Y la tarde del día 24, el niño, más amodorrado que nunca, se quejaba mansamente de frío, a pesar de la gran chimenea, en que ardía alta hoguera de leña seca, cuyas llamas regocijaban y derramaban suave calor. Su madre extendió por los hombros de la criatura un mullido abrigo de pieles, y sonriéndole, hablándole mimosa, le advirtió:

-¿No sabes? El Niño Dios ha venido a verte.

Pero estas palabras no despertaban en Fernandito idea alguna. No las entendía. Las repetía lentamente, como en sueños:

-Niño Dios, Niño Dios...

-Y la Virgen -insistía la madre-. Y los angelitos.

-Tengo frío -insistía el muchacho, temblando ligeramente.

Por un instante, sintió la madre que sus esperanzas se fundían, a semejanza de la nieve ligera que acababa de caer y que, suspensa del alero, iba a convertirse en agua y en lodo. ¡Su hijo no tendría alma jamás! ¡Cuanto se intentase, inútil! Y pensaba en lo que sería de ella aquella noche, después de fracasada la tentativa suprema... Porque fracasada la creía, y habría que renunciar a la lucha. Fundaría un convento de caritativas monjas, se retiraría a él y allí viviría con su enfermo sin alma, lejos del mundo, que se ríe de los pobres niños atontados...

Era la hora de acostar a Fernandito, y resignada y desesperada a la vez, fue ella misma, como siempre, a desnudarle y a someterle las sábanas. Quedose luego en vela al lado de la cama. Al acercarse la medianoche, envolviendo rápidamente al niño en pieles tibias, descalzo y todo, lo arrebató como una presa, mientras le repetía al oído:

-¡Ven, que ha nacido Dios y te está llamando!
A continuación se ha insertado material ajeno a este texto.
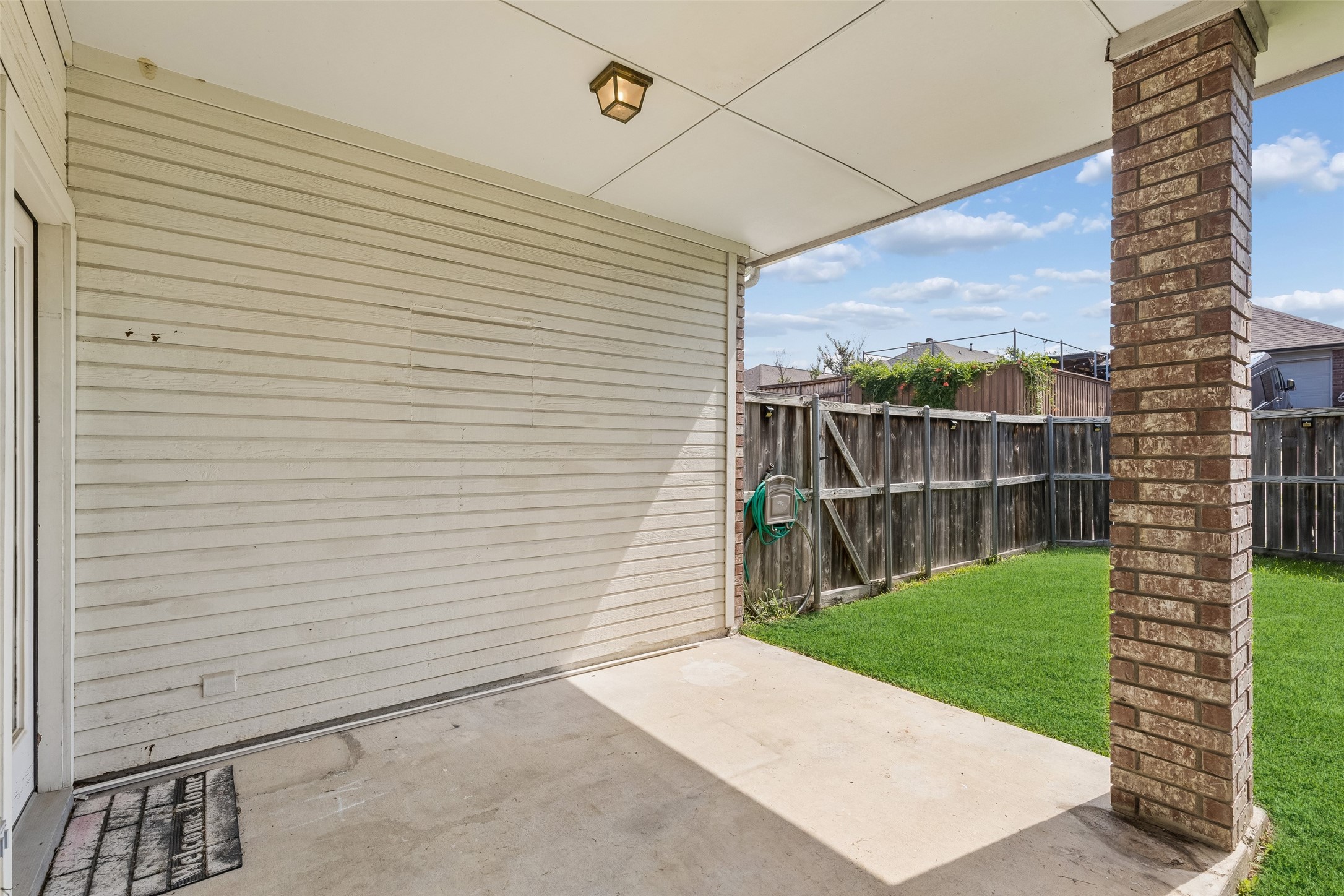 2212 Meadowstone Drive Carrollton TX 75006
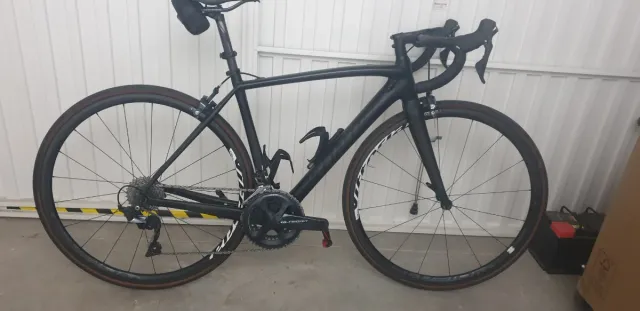 Bicicleta Specialized Tarmac Negra.  Talla 52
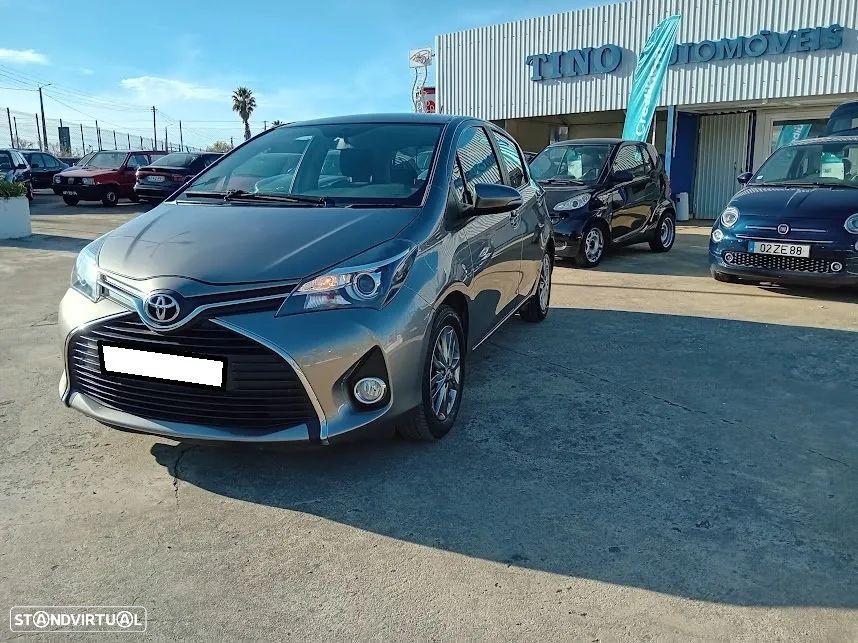Toyota Yaris 1.33 VVT-i Comfort+P.Style - 1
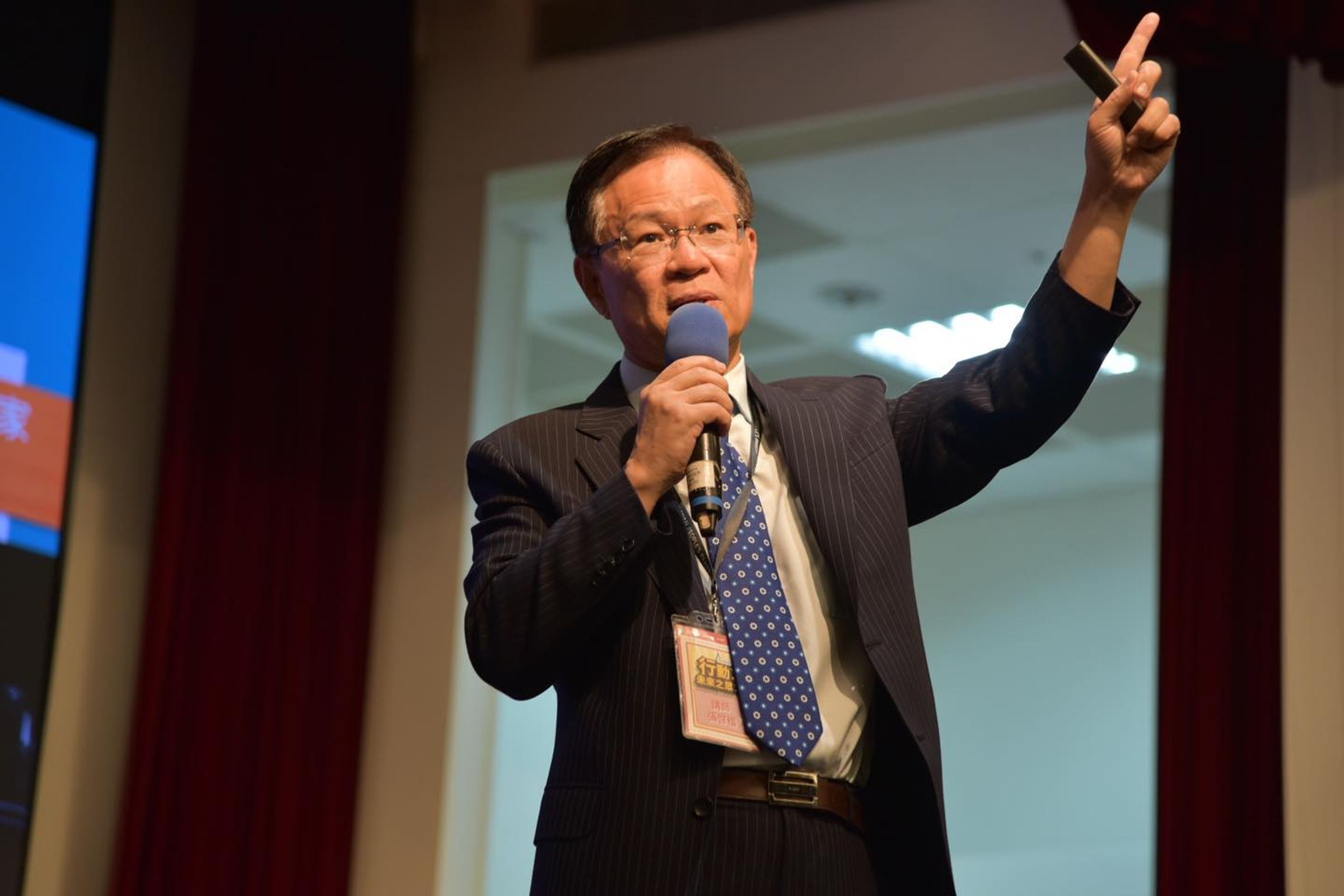 民眾黨立委張啓楷14日至嘉義演講,聲援柯文哲。(翻攝張啓楷臉書)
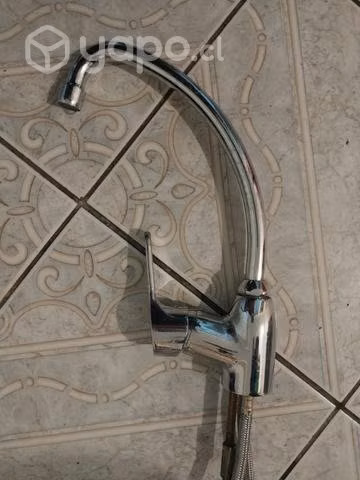 Llave lavaplatos
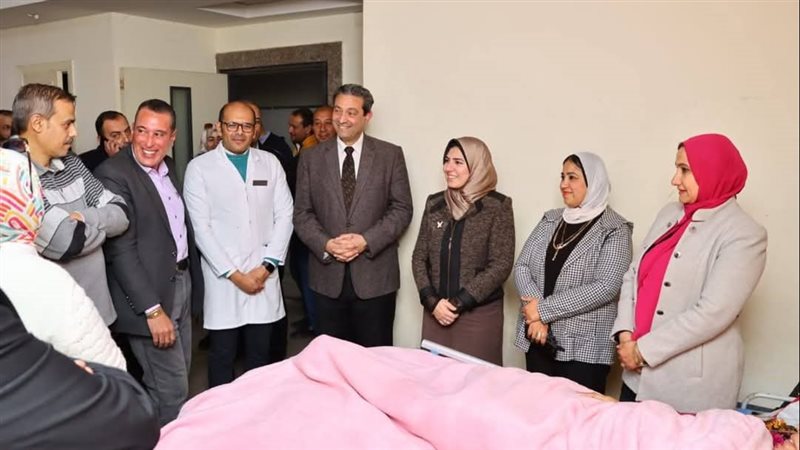 محافظ دمياط يزور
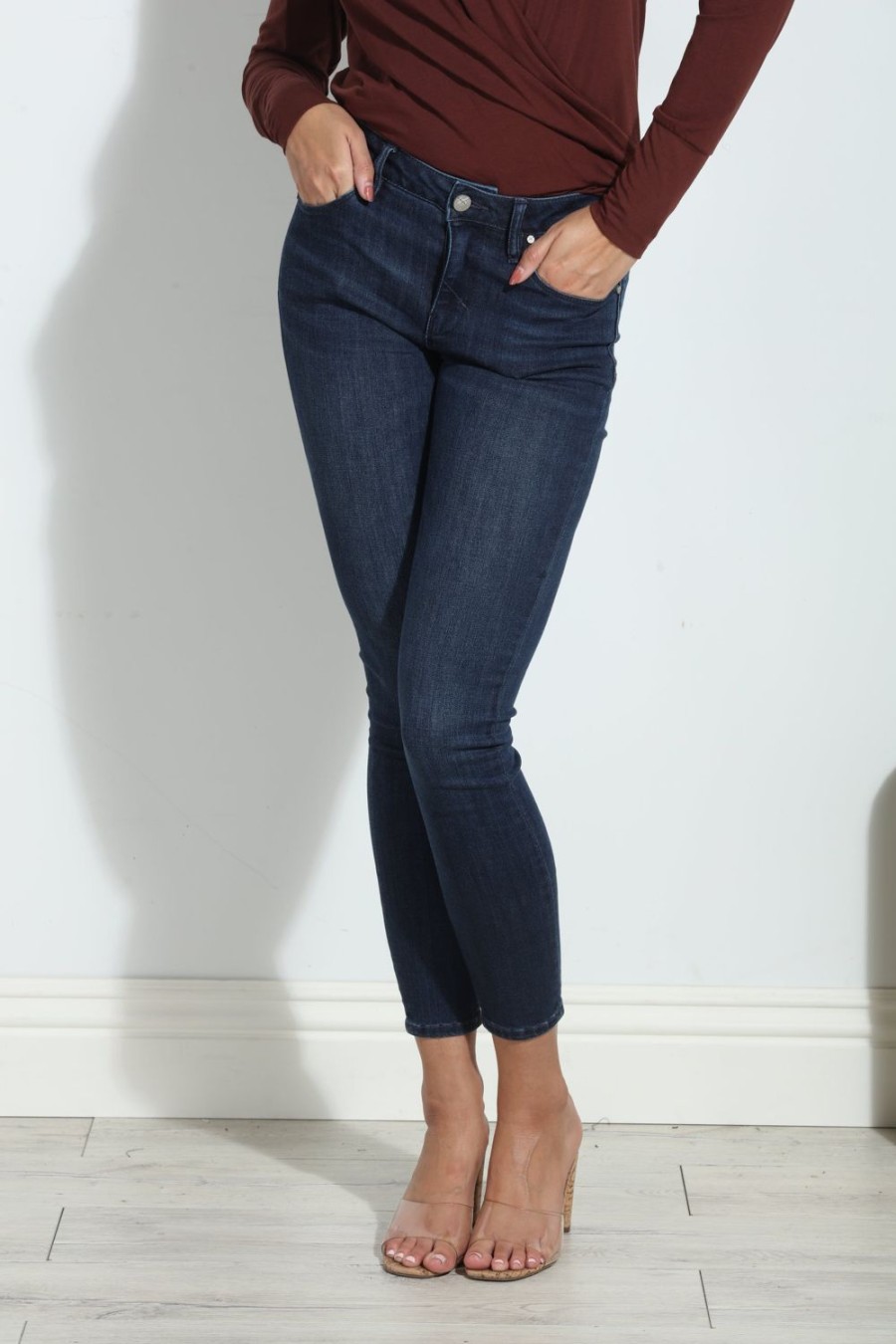 Clothing Veronica M Denim Shop | Unpublished Kora Mid Rise Skinny Jean-Dark Wash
Cruzando un largo pasillo, abierta una puerta grande, entraron en un salón inmenso, todo obscuro, y al pronto, una luz sola, intensísima, ardió en el espacio, y sus fulgores astrales alumbraron un paisaje sorprendente. Montañas, valles, oasis de palmeras, y, a lo lejos, las torres de una ciudad magnífica, las cúpulas de sus templos, las extremidades de sus minaretes. No era el Nacimiento de cartón, con figuras de barro: por los riachuelos corría agua, los árboles susurraban agitados por el viento, y verdadero césped, salpicado de flores, crecía en los praditos y orillaba las sendas. De pronto, empezó a poblarse el desierto panorama. En el fondo de sombría gruta aparecieron una hermosísima mujer y un hombre de plateada barba, que llevaba en la mano una vara de azucenas. La mujer sostenía en sus brazos un Niño, que acostó en el establo. Al punto mismo, una música divina resonó. Eran cadencias de gozo, la risa fresca del villancico, que huele a tomillo de monte, entremezclada con un alboroto de gorjeos de pájaros, y los pastores empezaron a bajar de la montaña, cantando su tonadilla, llevando corderos, cestillos de frutas, tocando zampoñas, empujándose para llegar más presto. Con ellos, la estrella, majestuosa, caminaba.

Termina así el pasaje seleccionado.